How we act in the short term is important in terms of determining the type of society we are to become. There are just a few levers we need to pull to rebuild confidence in our investment environment and rejuvenate our economic recovery.
In terms of building confidence, few things are as important as implementing Judge Raymond Zondo’s recommendations, both to prosecute those implicated in state capture and to set up the structures, processes and political culture designed to deter future corruption.
It appears it will be impossible to eliminate corruption entirely because it so deeply entrenched at all levels. So much so that special precautions were needed to ensure that the KwaZulu-Natal disaster relief funds weren’t looted. Setting up an independent public procurement anti-corruption agency, including a council, inspectorate, litigation unit, tribunal and court, will be an important step to prevent corruption on such a grand and premeditated scale as we saw during the state capture era.
What we need to try to develop throughout government is the same sense of revulsion that citizens have towards corruption. Instead there’s a surprising sense of acceptance of corrupt elements at best or at worst, a disturbing tendency to elevate them to some sort of radical hero status.

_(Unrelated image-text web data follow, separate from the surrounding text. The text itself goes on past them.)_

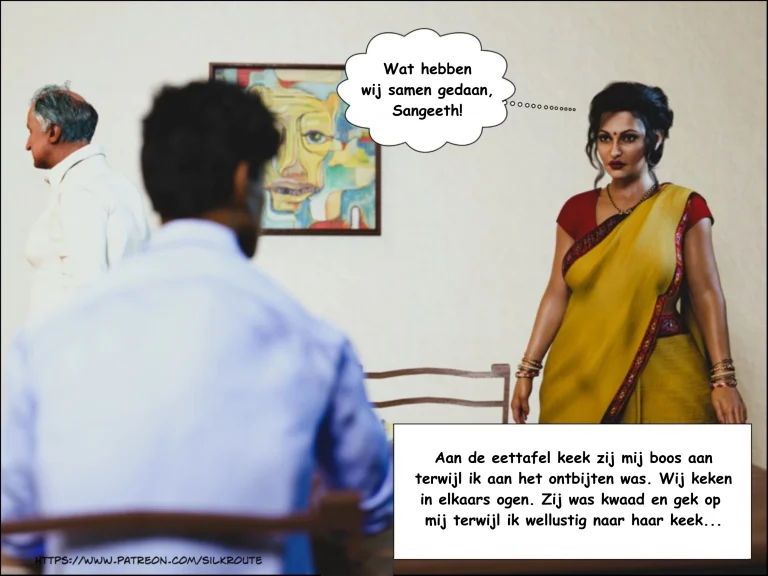 Mamamia 02 [NL] porn comic picture 3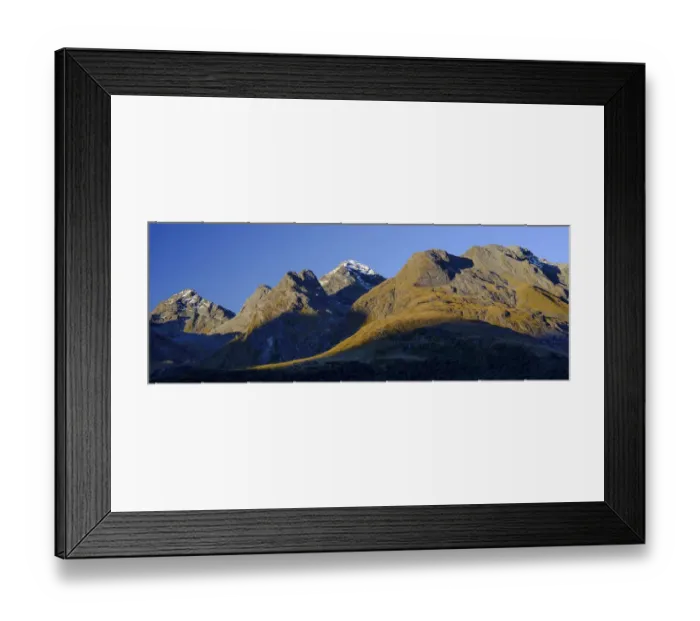 Framed Print : New Zealand, South Island, Fiordland National Park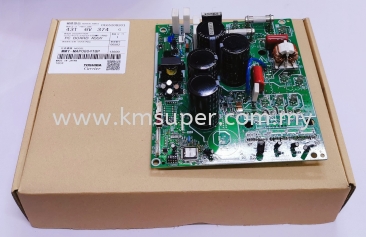 43T6V374 - TOSHIBA VRF MCC-1596-06 INVERTER COMPRESSOR CONTROL MODULE ; COMP-IPDU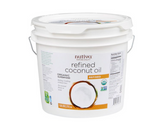 Nutiva Refined Coconut Oil - Gallon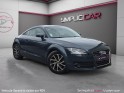 Audi tt coupe 2.0 tdi 170 dpf quattro 2eme main sieges chauffants regul radar ar suivi complet garantie 12 mois occasion...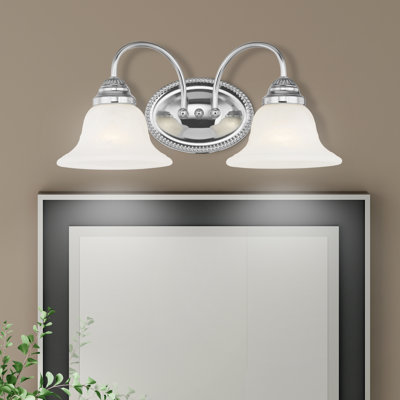 Nicolas 2 - Light Dimmable Vanity Light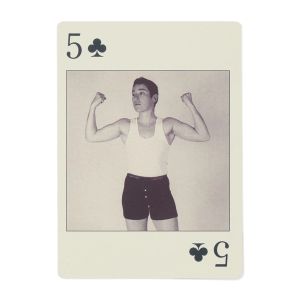 Catherine Opie: Dyke Deck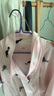 蕉內(nèi)【趙露思同款】絲絲520H睡衣男女士冰絲緞面情侶款家居服夏季新品 曬單實拍圖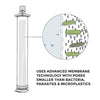 Portable Water Filter Hiking, Camping, Traveling Emergency Preparedness
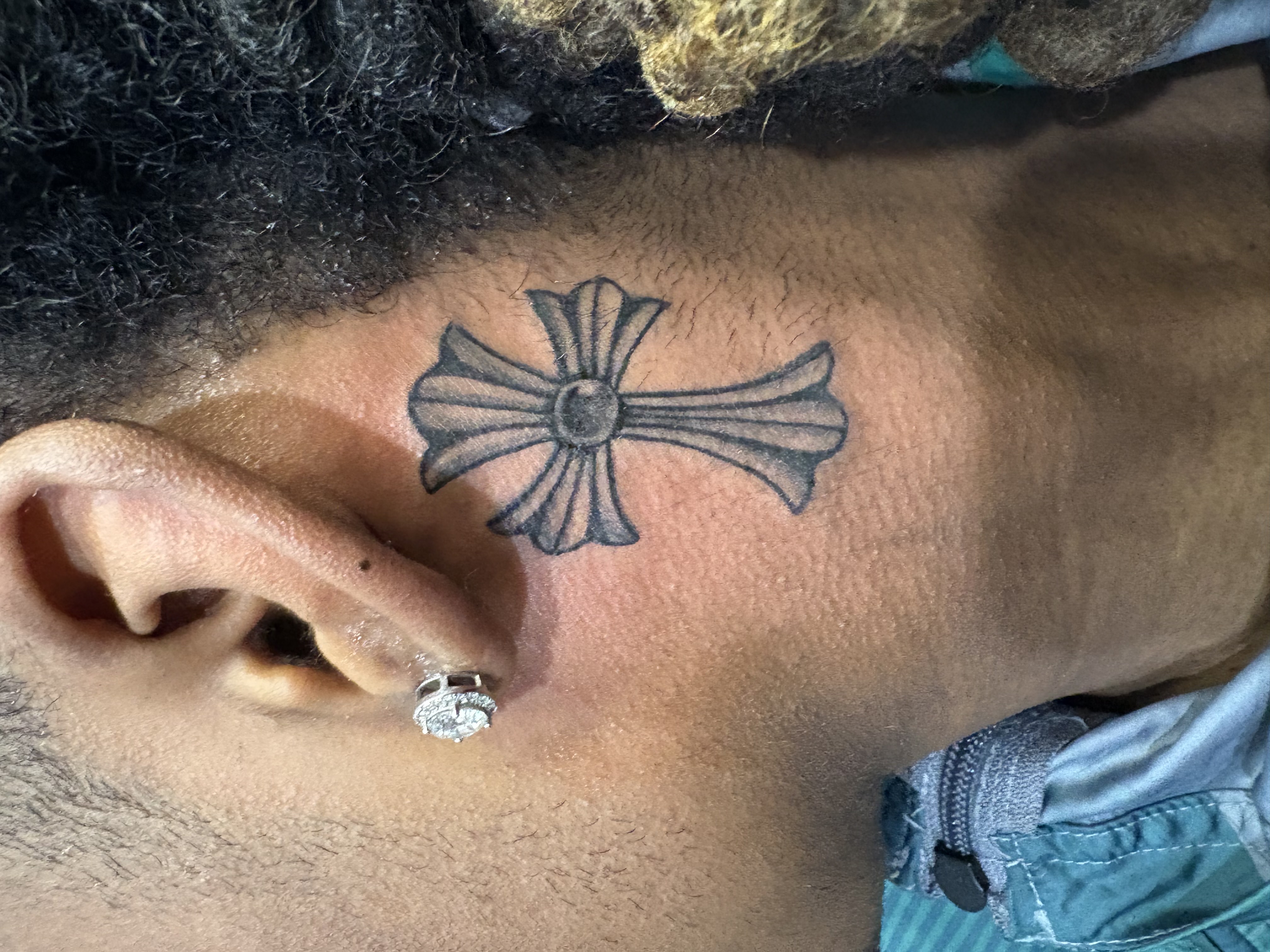 Tattoo by Vo_The_Drug on TattMe
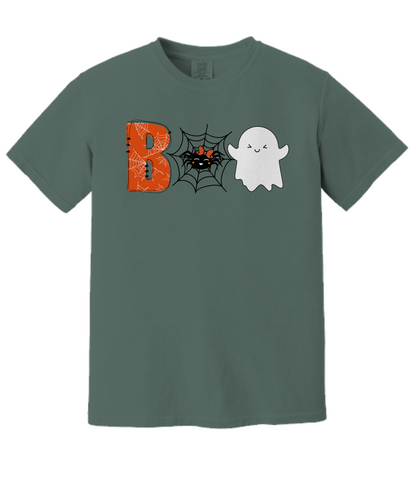 Halloween Boo Shirt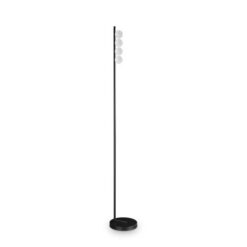 LED лампион IDEAL LUX 313313 PING PONG PT4 BLACK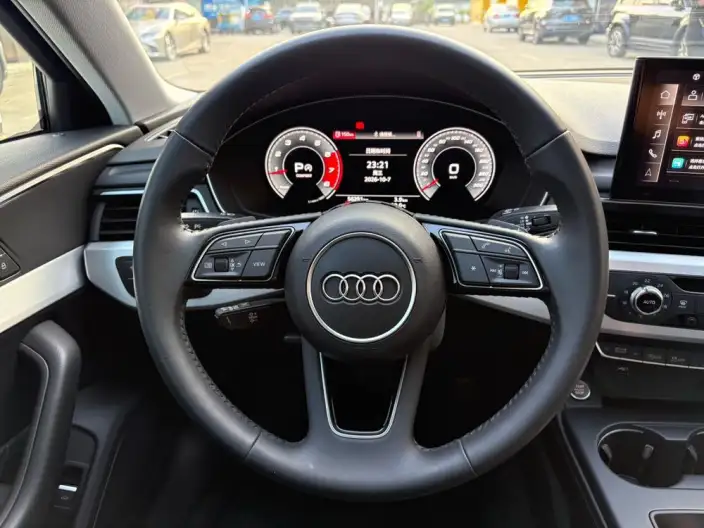 Audi A4 L 2020 Model 40 TFSI Fashion Dynamic Model – фото 10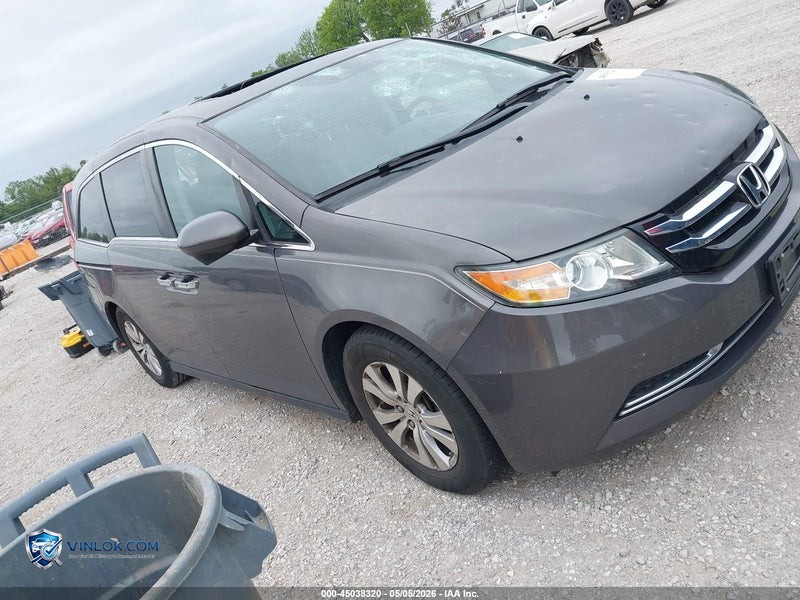 2014 HONDA ODYSSEY – Lot 45038320 auction photo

It’s difficult to understand this attitude in the context of the devastating effect the state capture era had on our state-owned enterprises, economy and society. Judge Zondo states that President Jacob Zuma readily opened the doors for the Guptas to go into the state-owned entities and “help themselves to the money and assets of the people of SA”. Citizens understand that it’s their money being stolen; some government officials seem entirely oblivious to that. We need to develop a culture where the damages suffered by the state and its citizens from corruption are clearly understood throughout government.
Another lever that needs to be pulled is one that ends the bureaucracy that private companies need to navigate to get approval from electricity regulator Nersa to build a power plant. There should also be a faster rollout of renewable energy bid windows. We need to get new energy produced as fast as possible to reach our goal of achieving a stable supply. Without energy security, future Workers Days will be even more bleak as the economy will fail to grow at a rate fast enough to sustain existing jobs let alone create new ones.

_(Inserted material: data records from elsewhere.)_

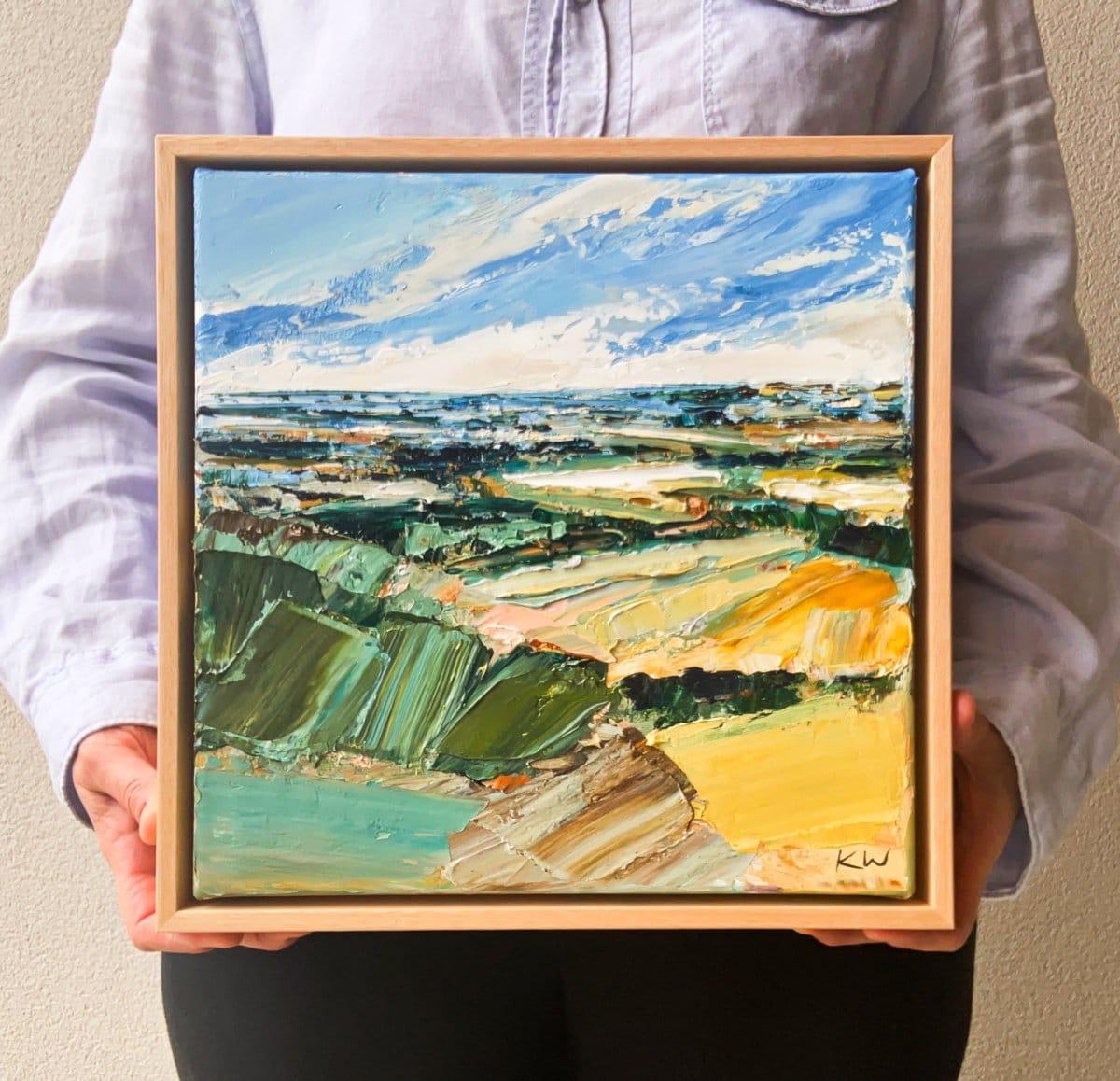 Mallee - Original Artwork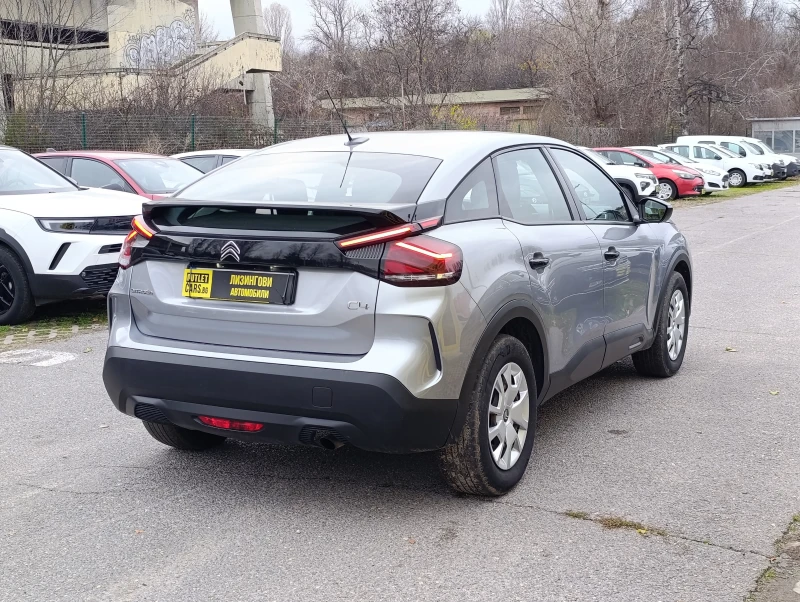 Citroen C4 Blue 1.5HDI 110к.с. 6 ск, снимка 3 - Автомобили и джипове - 52696661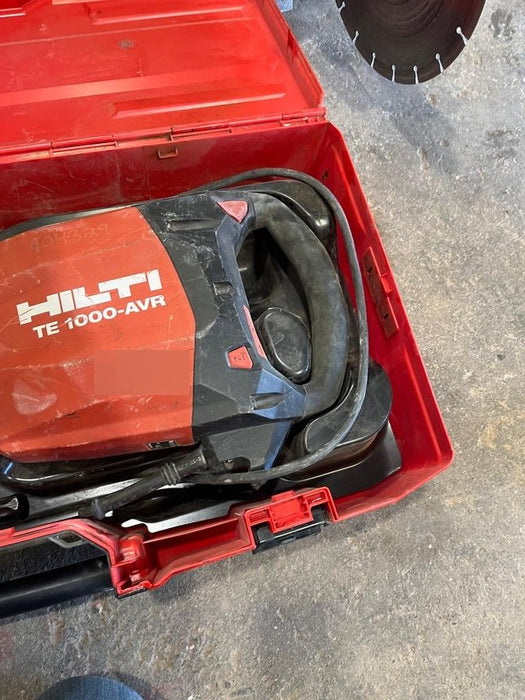 2020 HILTI TE 1000-AVR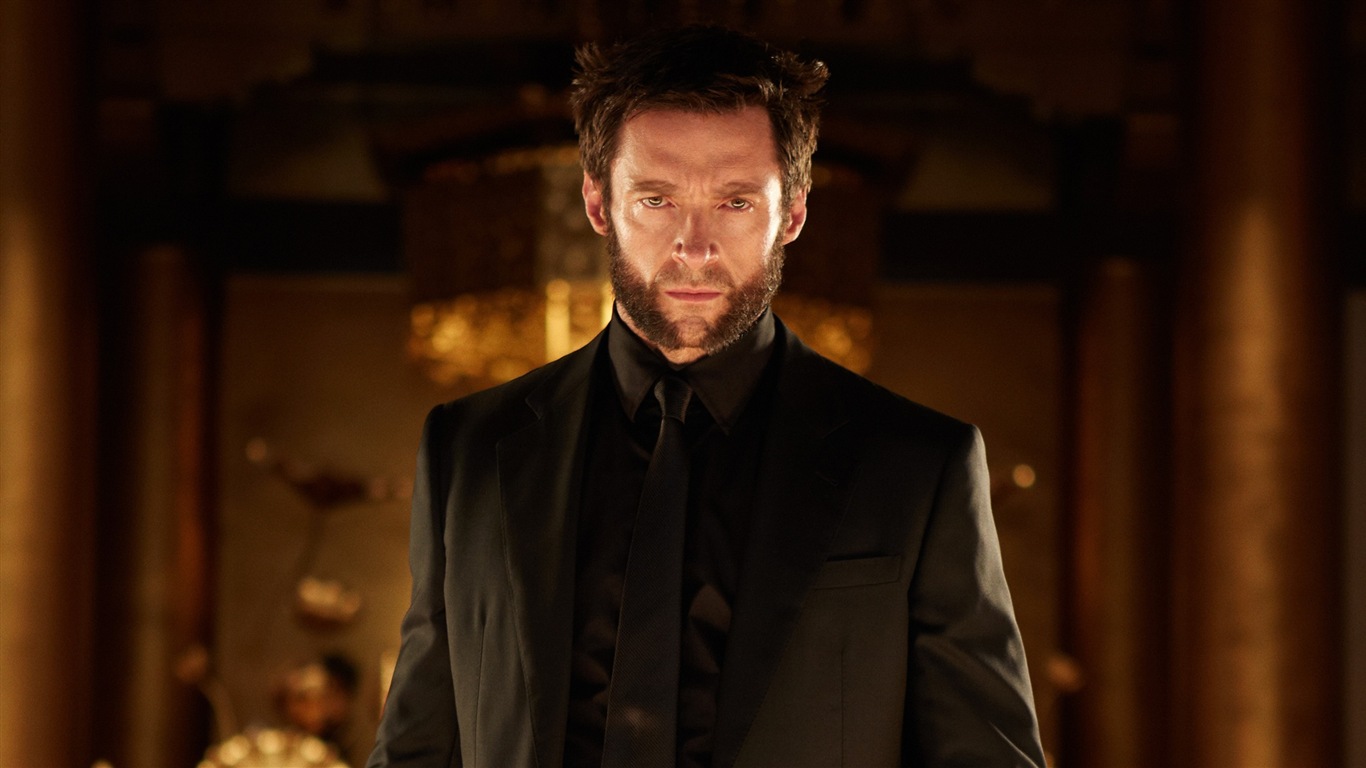 The Wolverine 2013 金刚狼2 高清壁纸5 - 1366x768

A third important lever is the R1-trillion infrastructure programme. In the executive summary of the National Infrastructure Plan 2050 gazetted on 11 March 2022, the department of public works and infrastructure states: “Infrastructure delivery will be one of the most significant contributors to South Africa’s transition from a historically closed minerals economy to one that is globally and regionally integrated, low carbon, inclusive and promoting of dynamism in the industries of the future.”
Rolling out big infrastructure projects will also trigger lots of short-term economic activity while developing a more capable, efficient state. The multiplier benefits are huge and every effort needs to be made to accelerate the rollout of projects. Resolving the inefficiencies at our ports and rail networks alone will add billions of rands to export earnings, and the fiscus, annually.
All these important initiatives could be improved if private sector expertise and efficiencies were brought in. Public-private partnerships will be a core part of the infrastructure rollout but business is more than willing to commit resources to streamline cumbersome bureaucratic procedures and we’re itching to get going with all of Judge Zondo’s recommendations.
There are many other important reforms in process that need to be implemented, particularly the unit in the Presidency to cut red tape across all organs of government. But pulling these three levers to tackle corruption, our energy supply and our infrastructure programme will be incredibly important to developing an inclusive society with an efficient, growing economy that creates jobs. The longer we dawdle, the higher the unemployment rate will soar.